Our Favorite Export Is Coming Back Home (and It Won't Be Pretty)
The day of reckoning is upon us, kids. Anyone else feel it?
I can save you the trouble of reading this entire short post and sum it up in two simple words: we're fucked. You're welcome.
Money growth, which had been low in 2009 after the burst in late 2008, has once again risen to worrying levels. Over the last four months, the average growth rates of broad money on the Federal Reserve Bank of St. Louis' Money of Zero Maturity and M2 Money Stock measures were up 10% and 7%, respectively. That's comparable to their growth in the 1970s.

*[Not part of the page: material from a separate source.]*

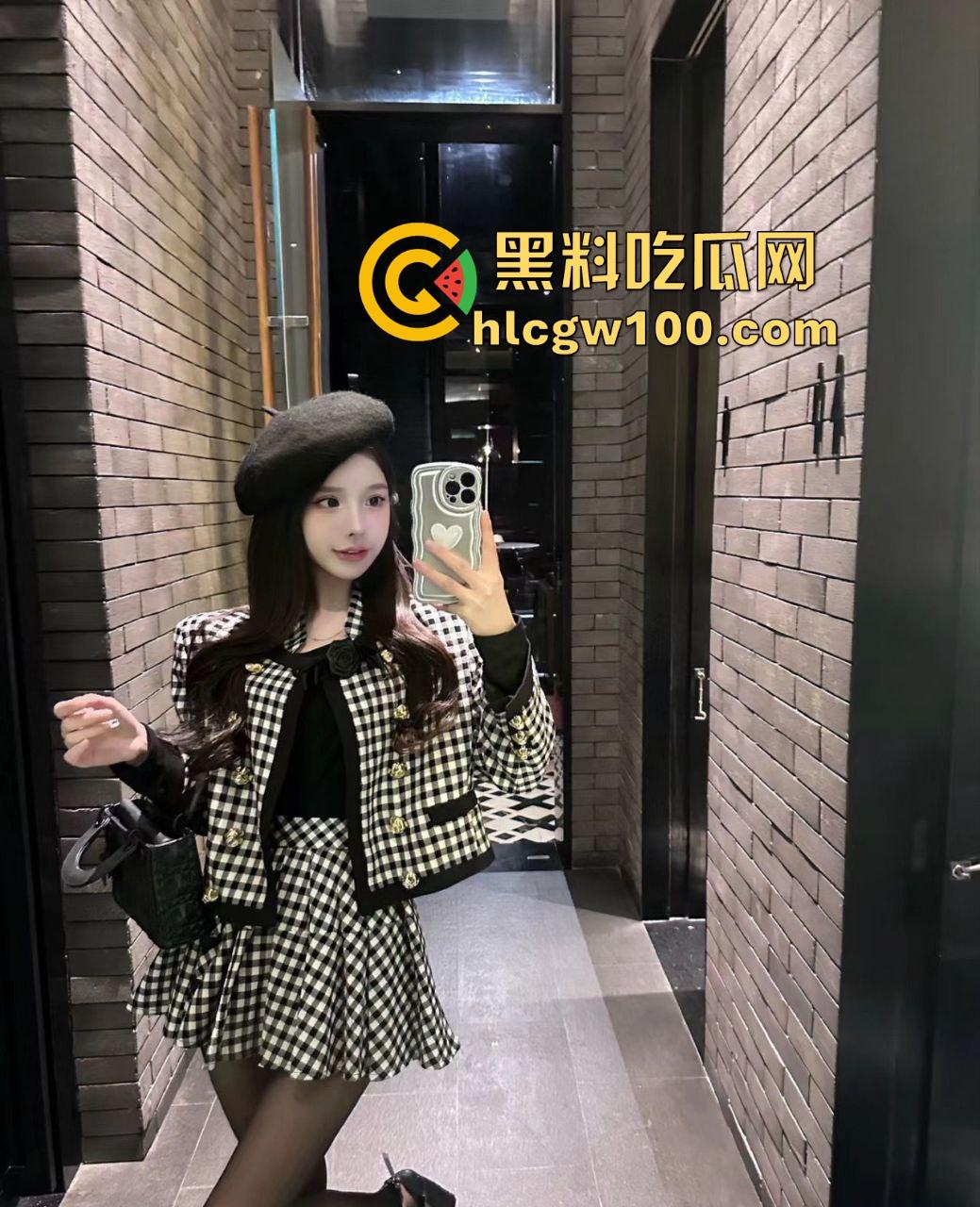 宁波03小骚妹『乔茜』猫居然舔她奶子舔到红 醒了还继续舔逼 这是人不如畜 真是骚货连猫都不放过！-4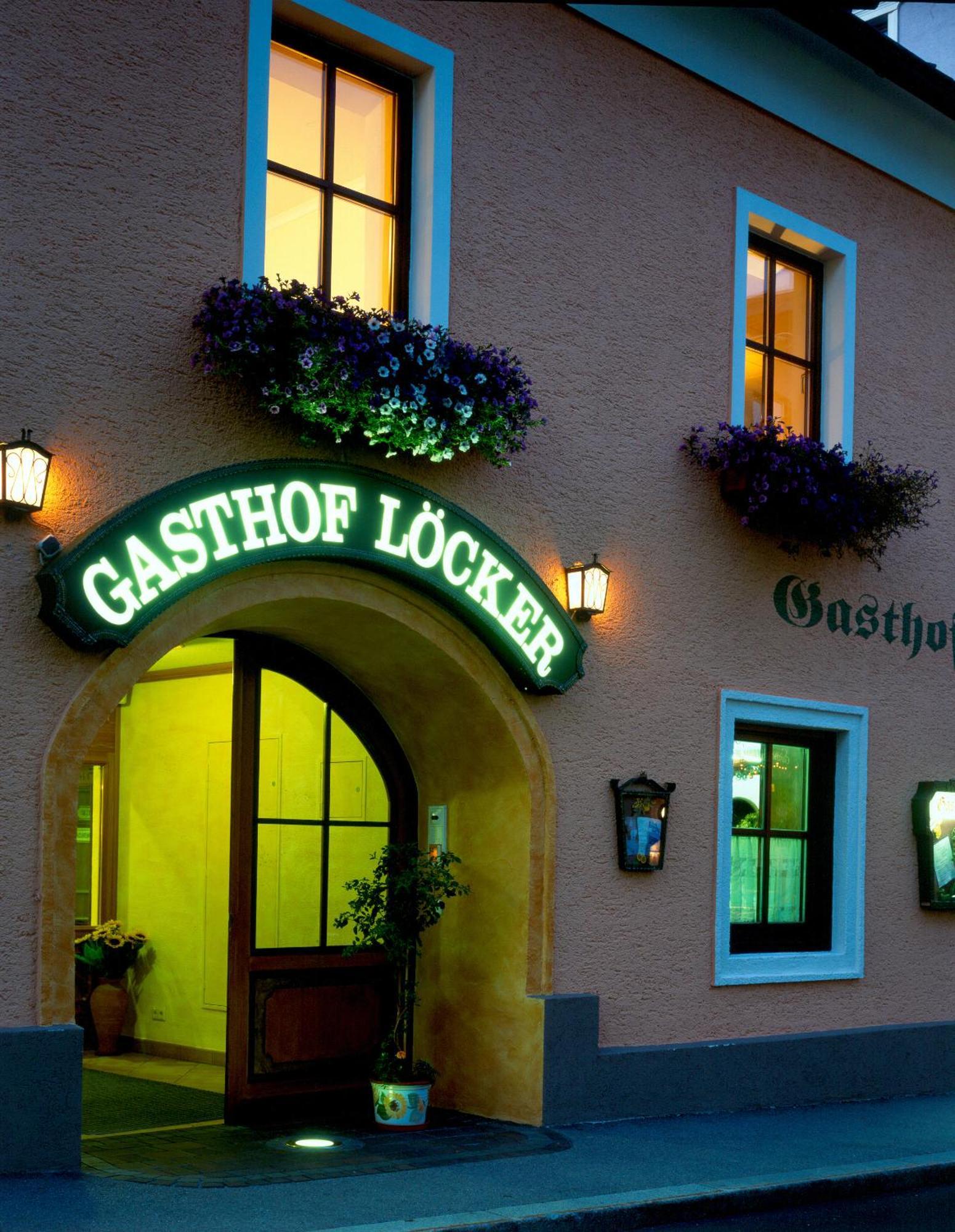 Gasthof - Restaurant Loecker Radstadt Exterior photo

Furthermore, oil prices are approaching $100 per barrel, and other commodity prices are strong, as well. So however successful the Fed has been in exporting inflation since 2008, its success won't last for much longer. At some point in 2011, inflation will be re-imported - and probably with a roar rather than a whisper.
When that happens, the Fed will have to raise interest rates to fight rising prices. Of course, Federal Reserve Chairman Ben Bernanke will almost certainly resist this inevitability, fudging figures and producing spurious arguments to avoid making the right decision. When the Fed does eventually raise rates, it will do so grudgingly - as it did during the period from 2004 to 2007.
We already know Bernanke doesn't have a plan and if he does, it's the sort of ass backwards, Don Quixote central banker cluck mission that can only lead to bad things. See, they tend to use flawed data or, worse, just make things up so often that even they get confused by what's actually happening versus what their models tell them should be happening.
Still waiting for that Fed exit strategy... sigh.